O jogo político, especialmente na ambiência em que objetivos e regras não são ditados pelo interesse coletivo e por valores morais, mas por conveniências pessoais e corporativas, oferece aos militantes ampla margem de manobra para a consecução de seus desígnios. Mas em contrapartida alarga também o espaço para o imponderável, expondo ao risco de serem pegos com a boca na botija aqueles que ousam se arriscar além do “tolerável” na transgressão de limites legais ou recomendados pelo senso comum. É exatamente o que está acontecendo com o presidente da Câmara dos Deputados, Eduardo Cunha (PMDB-RJ): a Justiça suíça informou às autoridades brasileiras que ele e familiares controlam pelo menos quatro contas secretas naquele país, num valor total de US$ 5 milhões já devidamente congelados.
Interpelado na CPI da Petrobrás, em março, Eduardo Cunha foi categórico: “Não tenho qualquer tipo de conta em qualquer lugar que não seja a conta declarada no meu Imposto de Renda. E não recebi qualquer vantagem ilícita ou qualquer vantagem com relação a qualquer natureza nesse processo”. Mentiu, portanto, o que configura, para começar, quebra de decoro parlamentar.

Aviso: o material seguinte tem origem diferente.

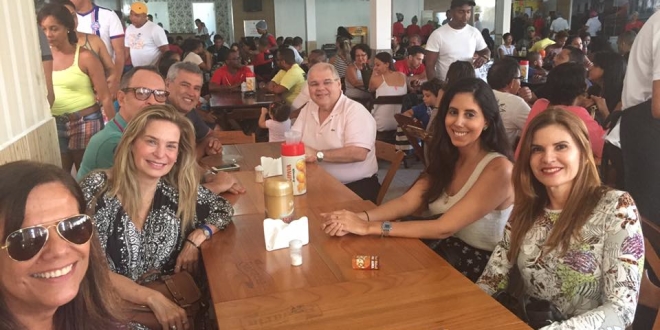 Lúcio Vieira Lima e amigos no Restaurante da Neinha 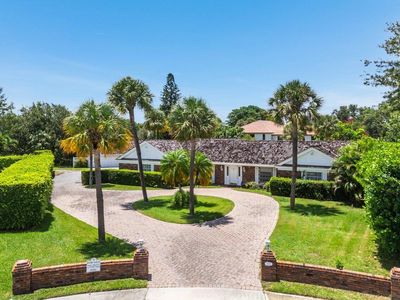 11991 Lake Shore Place, North Palm Beach, FL, 33408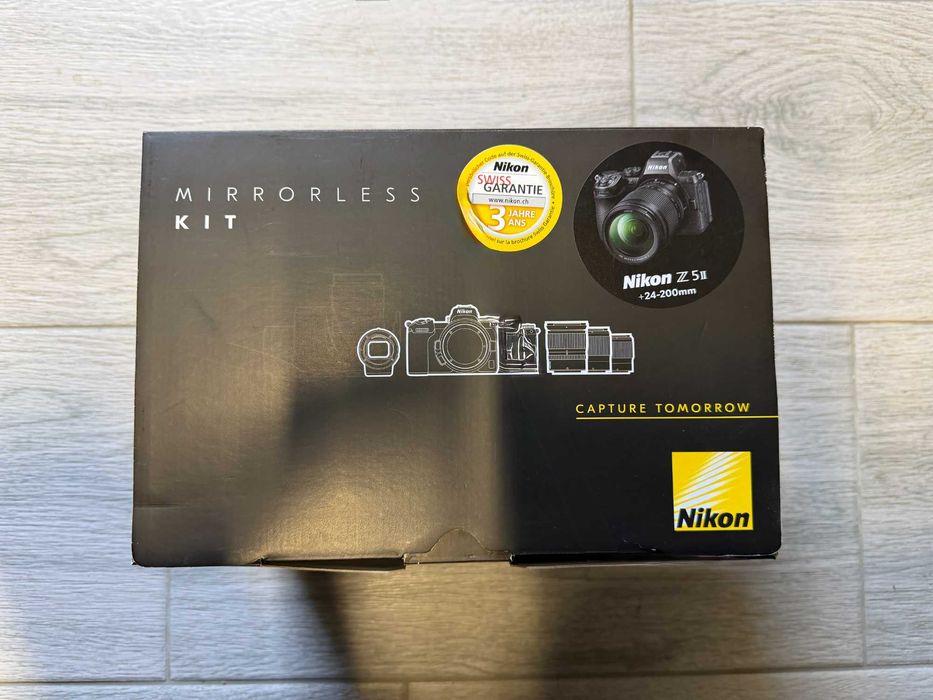 Pachet : Nikon - Z5 II + Nikkor Z 24-200mm, f/4-6.3 VR - sigilat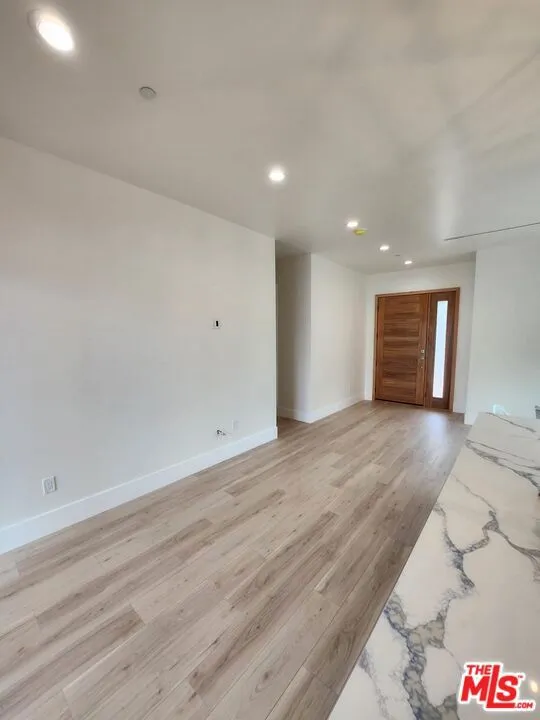 16641 McCormick Street Encino, CA 91436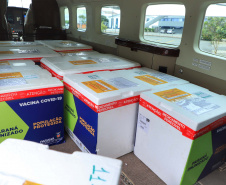 Distribuição das novas doses de vacinas contra a Covid-19 para as 22 Regionais de Saúde.  -  Curitiba, 25/02/2021  -  Foto: José Fernando Ogura/AEN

A denúncia é incontestável, porque procede da Justiça suíça, a partir de suspeitas levantadas pela auditoria do banco em que as contas são mantidas, cujo nome não foi revelado. O encaminhamento dessas suspeitas à Justiça provocou a abertura de ação criminal naquele país para apurar crimes de lavagem de dinheiro e corrupção passiva. Foi o resultado da política de complience do sistema bancário suíço, agora atento a movimentações financeiras suspeitas. No caso de Cunha, descobriram que a titularidade das quatro contas era de empresas de fachada por ele abertas em paraísos fiscais, o que configura o padrão da operação de lavagem de dinheiro.
Cunha recusou-se, na quinta-feira, a responder às interpelações que lhe foram dirigidas por seus pares na Câmara. Limitou-se a argumentar com alguns interlocutores que seguia a orientação de seu advogado para se manter calado sobre o assunto. E cancelou viagem que faria à Itália para participar do Fórum Parlamentar Itália-América Latina e Caribe, alegando que pretendia comparecer à cerimônia de casamento do senador Romero Jucá, no sábado.
Por causa de denúncias muitas vezes menos graves do que aquelas que atingem hoje Eduardo Cunha, muitos líderes parlamentares foram cassados ou forçados a renunciar a seus mandatos. Em 2007, Renan Calheiros, que como hoje ocupava a presidência do Senado, renunciou ao cargo por causa de denúncias envolvendo seus negócios pessoais em Alagoas, mas conseguiu salvar o mandato. O falecido Antônio Carlos Magalhães renunciou ao mandato de senador em 2001, acusado de violação do placar eletrônico de votação da Casa. Também à presidência do Senado renunciou Jader Barbalho (PMDB-PA) em 2001, acusado de desvios no Banco do Estado do Pará. Em 2014, o então deputado petista João Paulo Cunha, réu do mensalão e condenado por irregularidades cometidas na presidência da Câmara entre 2003 e 2005, renunciou ao mandato para escapar da cassação. Casos similares ocorreram ainda com o deputado Severino Cavalcanti, que presidiu a Câmara em 2006, e, mais remotamente, em 1994, com o deputado Ibsen Pinheiro.
Eduardo Cunha tem-se destacado pela determinação e ousadia com que se dedica à sua carreira política. No início deste ano enfrentou e derrotou o lulopetismo na disputa pela presidência da Câmara. A partir de então adotou uma atuação independente que evoluiu para a postura oficial de oposicionista quando acusou o governo de envolvê-lo na Operação Lava Jato. Com esse perfil, é altamente improvável que comece a pensar em renúncia antes que esta se torne inapelavelmente a derradeira opção para salvar a carreira política que tanto preza. Mas essa é uma daquelas questões que, quanto mais cedo for resolvida, maior contribuição dará para amenizar a crise política.